Я пытался создать архив, нанял Ашкенази, чтобы начать его описывать …
В свое время мы сняли квартиру у брата Валеры Шербаума, где- то у черта на рогах, за «Пражской», там темными дворами надо было пробираться. Тогда уже начали уезжать Слепак, Престин, Утевский из Ленинграда, Боря Кельман, Эльвира из Ташкента… И все они приносили свои бумаги, книги, талмуды 16 века от Кацеленбогена. Они не могли это вывезти. Я все это немножко отсортировал… Потом мы это потихоньку перевозили в Израиль. Я не знаю, где это сейчас. Знаю только, что Альтшулер не захотел это брать. Я к нему обращался, но он отказался. Самое ценное я тогда Яше отдал, а что он с этим сделал, не знаю. А остальное я отвез к Жене Сатановскому в Ариэль. Там напротив офиса Сатановского находится офис Жигуна, который занимается архивом. Но Женя странный человек. Мог мне помочь с работой, но ничего не сделал. Он же в свое время был маленьким человечком в историческом обществе и пребывал со всеми в постоянной ругани.

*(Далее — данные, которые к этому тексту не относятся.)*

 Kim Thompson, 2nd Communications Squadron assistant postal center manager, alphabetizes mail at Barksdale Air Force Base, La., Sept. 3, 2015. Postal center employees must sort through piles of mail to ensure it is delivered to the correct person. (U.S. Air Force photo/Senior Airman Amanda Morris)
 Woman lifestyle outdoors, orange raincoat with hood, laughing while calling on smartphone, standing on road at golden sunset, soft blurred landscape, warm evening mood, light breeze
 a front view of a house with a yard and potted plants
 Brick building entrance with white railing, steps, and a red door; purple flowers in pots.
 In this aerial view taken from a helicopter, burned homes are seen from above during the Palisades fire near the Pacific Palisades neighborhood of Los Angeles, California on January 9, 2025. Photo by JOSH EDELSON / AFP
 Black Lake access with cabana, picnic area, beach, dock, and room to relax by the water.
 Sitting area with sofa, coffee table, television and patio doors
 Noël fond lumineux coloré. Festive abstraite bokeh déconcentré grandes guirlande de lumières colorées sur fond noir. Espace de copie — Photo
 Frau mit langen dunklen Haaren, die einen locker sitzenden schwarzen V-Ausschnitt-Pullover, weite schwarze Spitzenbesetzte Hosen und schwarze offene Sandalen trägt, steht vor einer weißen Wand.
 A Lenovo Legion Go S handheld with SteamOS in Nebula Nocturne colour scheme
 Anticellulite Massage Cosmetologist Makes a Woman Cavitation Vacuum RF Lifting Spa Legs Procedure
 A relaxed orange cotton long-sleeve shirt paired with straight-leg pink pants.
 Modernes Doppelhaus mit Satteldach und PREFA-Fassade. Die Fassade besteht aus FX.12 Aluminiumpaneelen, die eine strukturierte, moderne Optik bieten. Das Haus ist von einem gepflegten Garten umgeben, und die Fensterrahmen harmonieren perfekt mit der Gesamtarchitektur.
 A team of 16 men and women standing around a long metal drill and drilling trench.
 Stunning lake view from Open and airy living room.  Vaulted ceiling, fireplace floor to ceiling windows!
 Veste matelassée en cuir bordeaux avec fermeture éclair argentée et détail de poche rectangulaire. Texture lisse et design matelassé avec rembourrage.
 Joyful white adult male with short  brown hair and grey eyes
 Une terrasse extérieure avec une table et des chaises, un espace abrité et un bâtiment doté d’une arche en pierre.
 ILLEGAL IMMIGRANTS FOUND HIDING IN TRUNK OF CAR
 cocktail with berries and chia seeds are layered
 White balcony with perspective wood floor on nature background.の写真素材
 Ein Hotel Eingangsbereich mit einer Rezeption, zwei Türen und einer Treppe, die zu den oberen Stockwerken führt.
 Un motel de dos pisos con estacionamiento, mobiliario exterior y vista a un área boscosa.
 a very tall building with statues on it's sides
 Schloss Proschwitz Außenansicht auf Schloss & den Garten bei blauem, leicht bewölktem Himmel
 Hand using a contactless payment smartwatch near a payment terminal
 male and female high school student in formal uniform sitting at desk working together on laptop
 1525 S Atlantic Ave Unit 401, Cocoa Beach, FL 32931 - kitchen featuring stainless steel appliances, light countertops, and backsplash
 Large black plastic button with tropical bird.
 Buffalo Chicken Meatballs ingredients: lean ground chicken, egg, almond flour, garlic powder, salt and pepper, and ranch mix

─ Он не захотел или не смог тебе помочь?
─ Не знаю. Я ему прямым текстом сказал, что заканчиваю работу в посольстве, прошел в Госстрое интервью… час распинался перед ним. А он тогда строил здание для РЭКа, они из СЭВа хотели съехать. Мог бы мне прямо сказать, мол, пошел ты. А он сказал, что должен подумать. С Валерой я уже говорить не стал.
─ Может, нас уже списывать начинают?
─ Может быть… А может все-таки надо было с Энгелем поговорить.
─ Это уже люди другой формации.
─ Ну почему, Женя вокруг нас много бегал. Да и поднимался не просто. Пахал по-черному. Он говорил как-то, что только на третий год мог себе позволить взять такси в Нью-Йорке. А до этого на метро или пешком бегал.
─ Но это уже другие времена, которые выходят за рамки нашего разговора. Спасибо за интересный рассказ, Володя.